Countries in Europe and North America wrestled with the mass exodus of Muslim refugees from the Middle East’s many conflicts, as deadly terror attacks in France, Belgium, Germany, and the United States occurred.
Amid the political debates over these complex issues, a symbol of the Muslim religion became, perhaps, the most contested item of clothing in political history: the burqa.
Across the world, political leaders and judicial courts are wrestling with the question of whether it it is legal, possible, and wise to ban the Muslim face covering. In general, the term hijab describes a head-covering, while burqa and niqab cover the face as well.

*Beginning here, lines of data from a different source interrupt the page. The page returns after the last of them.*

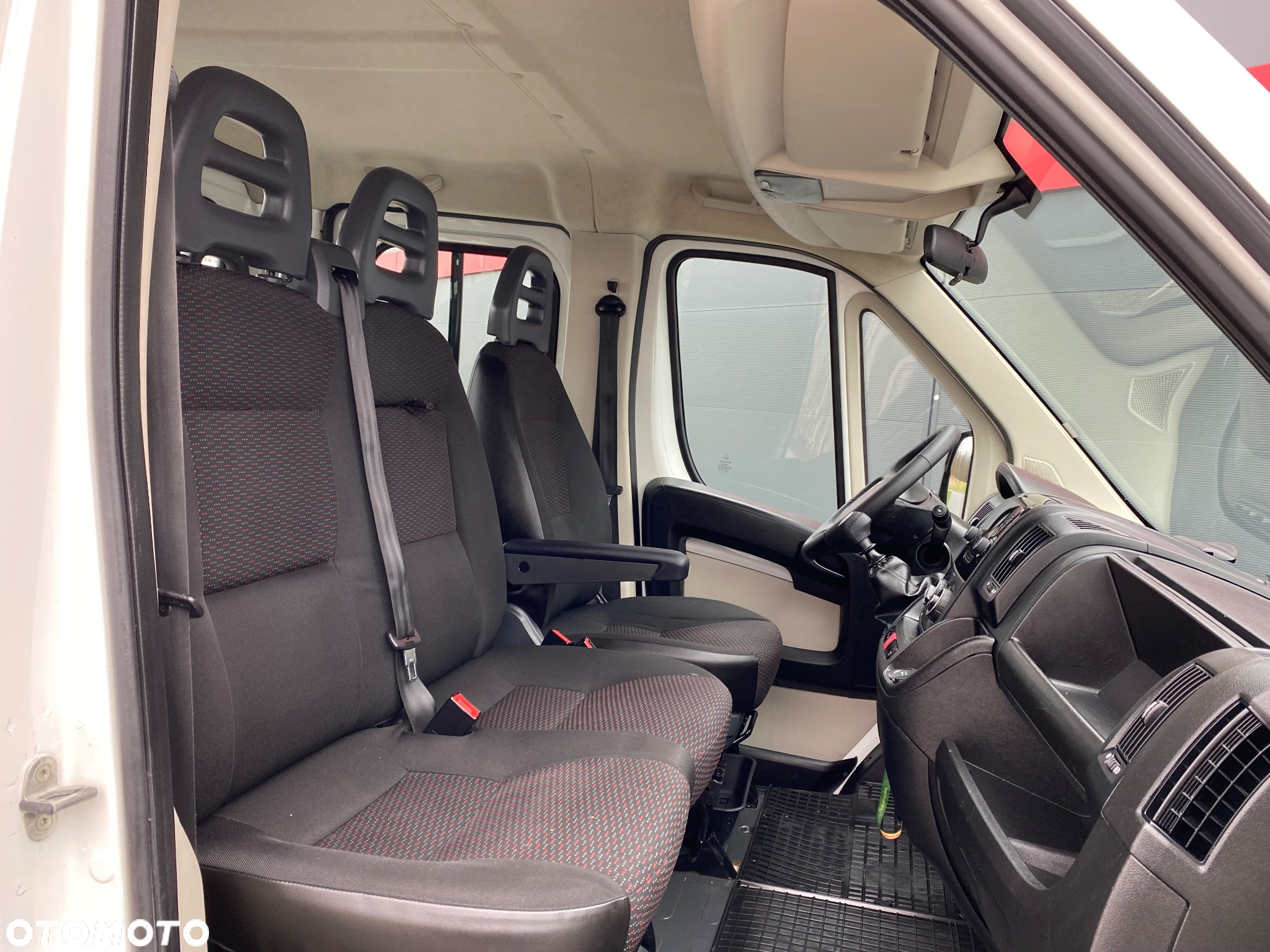 Peugeot Boxer Doka - 7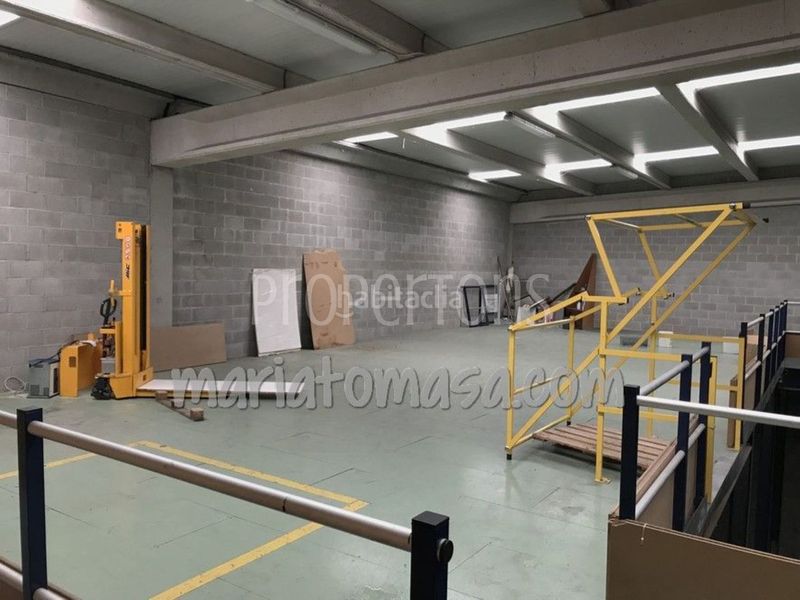 Foto ca3c7c5d-0f4b-4b02-87da-da1165fc9633. Nau industrial a San Miguel Basauri
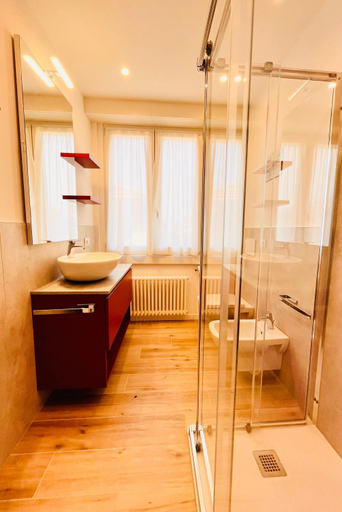 Others 5, Berengario Suites, Verona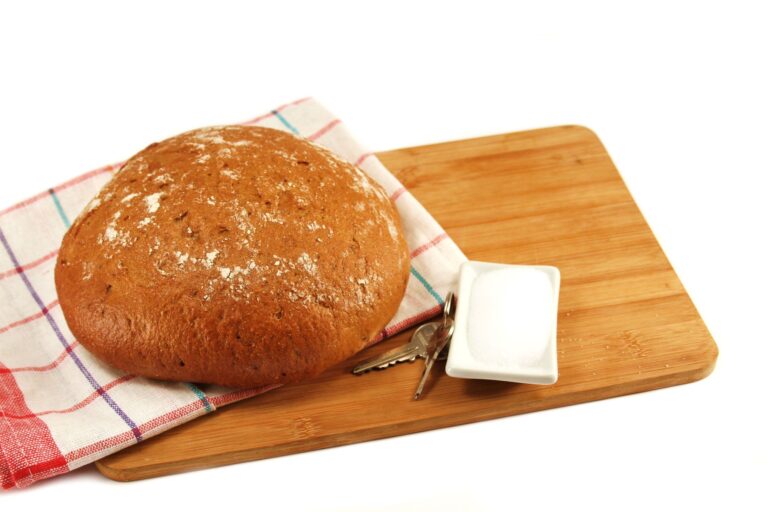 Ein Geschenk mit Geschichte – Warum Brot und Salz zum Einzug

In places as far-reaching as Nigeria and Switzerland, Russia and Sudan, the full-face covering has become a cultural flashpoint. Here, Global Citizen takes a look back at the year of the fight over the burqa.
Germany: Chancellor Angela Merkel surprised many observers by calling for a ban on full-face veils in December. Around the time she announced she was running for a fourth term, Merkel said publicly that she thought “the full-face veil must be banned, wherever legally possible.”
Merkel’s sudden announcement on the veil was seen by many as an attempt to look tough on immigration after Germany was flooded with immigrants in 2016.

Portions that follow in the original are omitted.